======== DATASET RECORDS
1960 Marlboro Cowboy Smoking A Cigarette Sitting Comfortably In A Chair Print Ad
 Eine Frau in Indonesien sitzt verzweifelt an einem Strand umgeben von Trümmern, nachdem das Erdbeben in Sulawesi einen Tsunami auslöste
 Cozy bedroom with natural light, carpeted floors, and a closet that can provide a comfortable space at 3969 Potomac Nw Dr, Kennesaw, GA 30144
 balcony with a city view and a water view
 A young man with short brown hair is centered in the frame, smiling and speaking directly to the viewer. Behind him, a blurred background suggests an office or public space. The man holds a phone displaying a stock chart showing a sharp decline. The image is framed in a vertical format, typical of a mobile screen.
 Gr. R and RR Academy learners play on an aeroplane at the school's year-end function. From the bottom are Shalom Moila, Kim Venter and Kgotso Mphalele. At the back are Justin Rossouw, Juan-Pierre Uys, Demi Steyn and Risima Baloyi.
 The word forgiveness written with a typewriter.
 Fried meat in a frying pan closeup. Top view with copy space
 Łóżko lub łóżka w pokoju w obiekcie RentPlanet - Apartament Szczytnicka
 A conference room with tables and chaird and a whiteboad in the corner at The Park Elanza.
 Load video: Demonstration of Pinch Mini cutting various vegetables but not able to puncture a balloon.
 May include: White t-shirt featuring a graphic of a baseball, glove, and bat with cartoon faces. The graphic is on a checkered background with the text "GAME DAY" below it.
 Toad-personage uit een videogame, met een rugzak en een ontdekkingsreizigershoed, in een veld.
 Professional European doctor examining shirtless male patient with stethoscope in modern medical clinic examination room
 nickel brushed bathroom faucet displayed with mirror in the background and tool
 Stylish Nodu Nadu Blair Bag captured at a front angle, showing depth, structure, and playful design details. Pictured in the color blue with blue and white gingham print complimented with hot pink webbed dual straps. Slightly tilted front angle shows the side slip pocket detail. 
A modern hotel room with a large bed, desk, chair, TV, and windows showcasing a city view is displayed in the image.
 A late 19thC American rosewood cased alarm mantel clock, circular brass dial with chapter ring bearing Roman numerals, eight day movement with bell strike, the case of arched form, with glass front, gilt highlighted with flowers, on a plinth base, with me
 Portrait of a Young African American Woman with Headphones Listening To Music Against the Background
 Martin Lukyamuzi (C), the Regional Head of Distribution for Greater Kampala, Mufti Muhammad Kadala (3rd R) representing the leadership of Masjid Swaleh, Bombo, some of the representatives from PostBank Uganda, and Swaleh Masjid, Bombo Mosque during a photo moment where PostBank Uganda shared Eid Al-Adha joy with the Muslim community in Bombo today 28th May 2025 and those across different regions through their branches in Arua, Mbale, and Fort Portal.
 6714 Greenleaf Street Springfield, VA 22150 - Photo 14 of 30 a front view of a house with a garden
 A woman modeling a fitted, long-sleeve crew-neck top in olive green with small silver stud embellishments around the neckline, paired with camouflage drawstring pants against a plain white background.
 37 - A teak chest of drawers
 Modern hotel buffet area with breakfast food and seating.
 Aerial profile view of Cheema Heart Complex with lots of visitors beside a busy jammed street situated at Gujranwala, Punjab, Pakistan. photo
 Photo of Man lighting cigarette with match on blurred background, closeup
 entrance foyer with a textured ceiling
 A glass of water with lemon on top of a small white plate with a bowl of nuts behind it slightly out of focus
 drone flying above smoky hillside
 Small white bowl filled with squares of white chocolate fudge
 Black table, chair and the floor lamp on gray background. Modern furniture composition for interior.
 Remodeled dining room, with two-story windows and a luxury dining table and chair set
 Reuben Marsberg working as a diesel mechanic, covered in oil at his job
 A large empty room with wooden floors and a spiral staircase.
================
■ ABOUT THIS EXERCISE
Of the entries listed above, reproduce only the lines starting at the line containing "Gr. R and RR" and ending at the line containing "A conference room". Include both, exactly as they stand.

■ SOLUTION
 Gr. R and RR Academy learners play on an aeroplane at the school's year-end function. From the bottom are Shalom Moila, Kim Venter and Kgotso Mphalele. At the back are Justin Rossouw, Juan-Pierre Uys, Demi Steyn and Risima Baloyi.
 The word forgiveness written with a typewriter.
 Fried meat in a frying pan closeup. Top view with copy space
 Łóżko lub łóżka w pokoju w obiekcie RentPlanet - Apartament Szczytnicka
 A conference room with tables and chaird and a whiteboad in the corner at The Park Elanza.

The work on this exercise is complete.